*Material shown*.
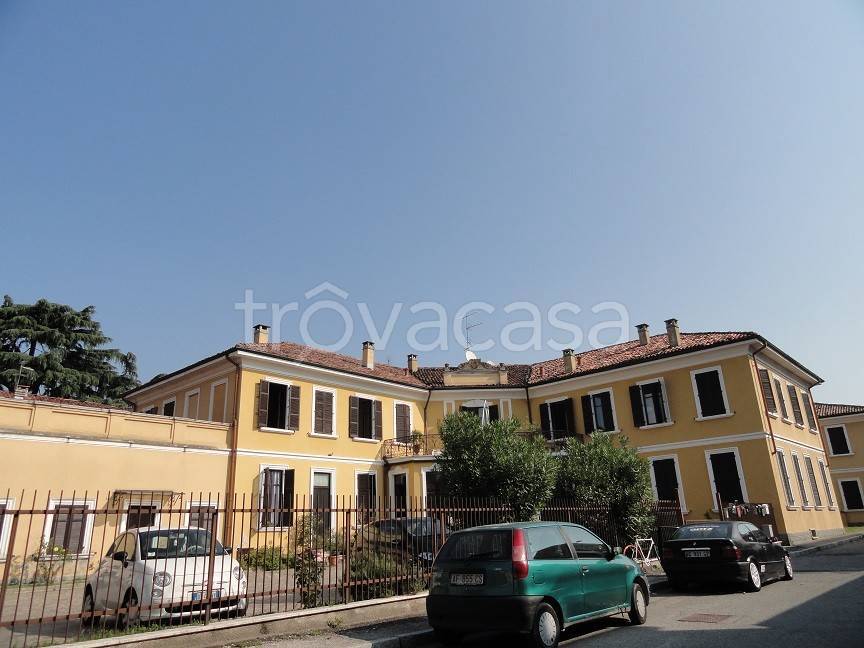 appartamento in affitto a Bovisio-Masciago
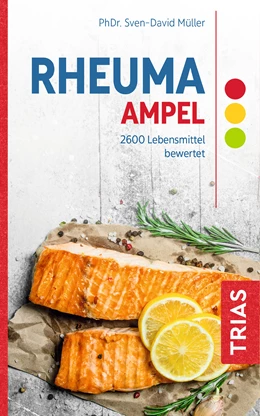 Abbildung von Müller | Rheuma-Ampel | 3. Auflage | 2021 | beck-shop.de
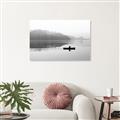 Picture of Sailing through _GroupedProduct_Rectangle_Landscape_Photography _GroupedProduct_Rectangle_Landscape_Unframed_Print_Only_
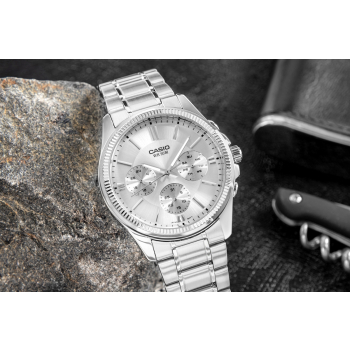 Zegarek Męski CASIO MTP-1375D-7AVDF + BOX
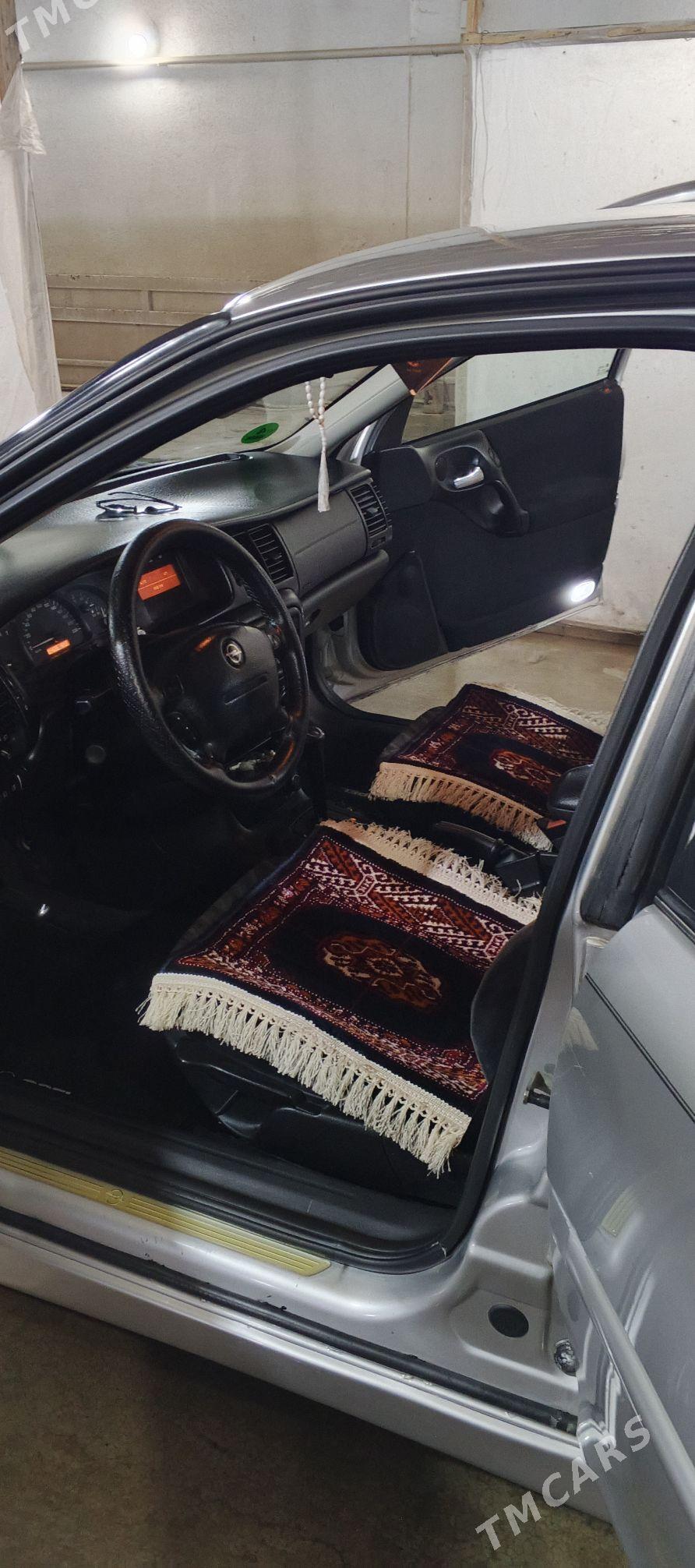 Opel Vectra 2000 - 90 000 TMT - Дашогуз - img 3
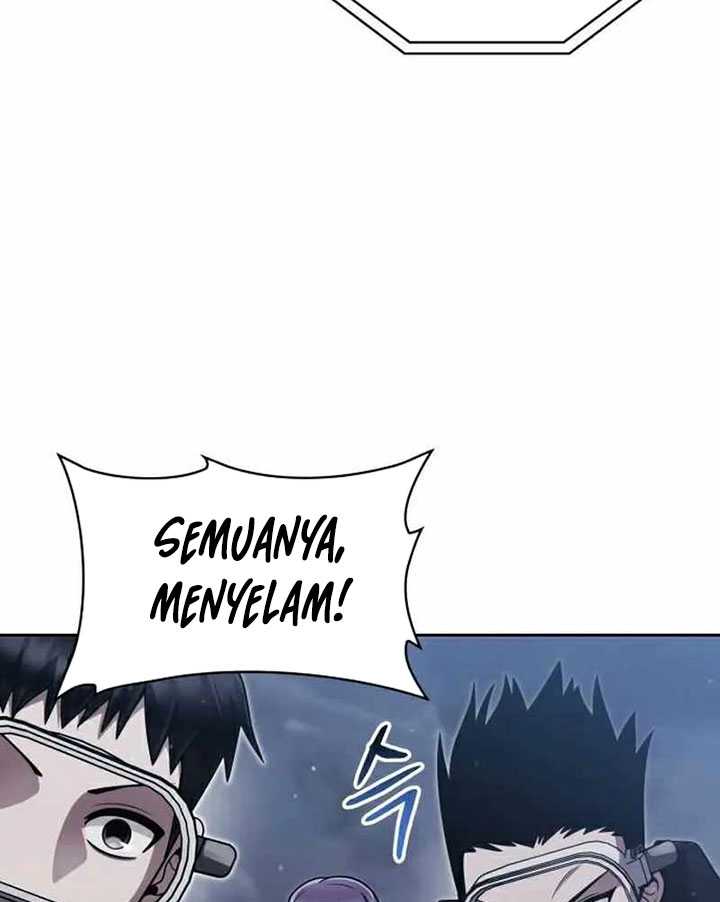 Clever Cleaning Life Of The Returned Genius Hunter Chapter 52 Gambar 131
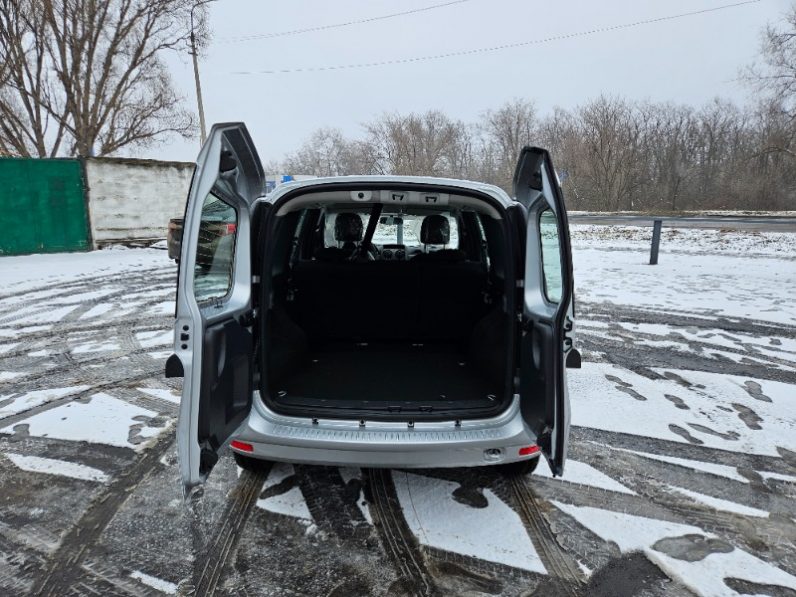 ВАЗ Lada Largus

*What to work on*. Set down every entry above exactly as written, but skip the pictures.

*Task response*.
 appartamento in affitto a Bovisio-Masciago
 Abbildung von Müller | Rheuma-Ampel | 3. Auflage | 2021 | beck-shop.de
 Picture of Sailing through _GroupedProduct_Rectangle_Landscape_Photography _GroupedProduct_Rectangle_Landscape_Unframed_Print_Only_
 Zegarek Męski CASIO MTP-1375D-7AVDF + BOX
 Opel Vectra 2000 - 90 000 TMT - Дашогуз - img 3
 Clever Cleaning Life Of The Returned Genius Hunter Chapter 52 Gambar 131
 ВАЗ Lada Largus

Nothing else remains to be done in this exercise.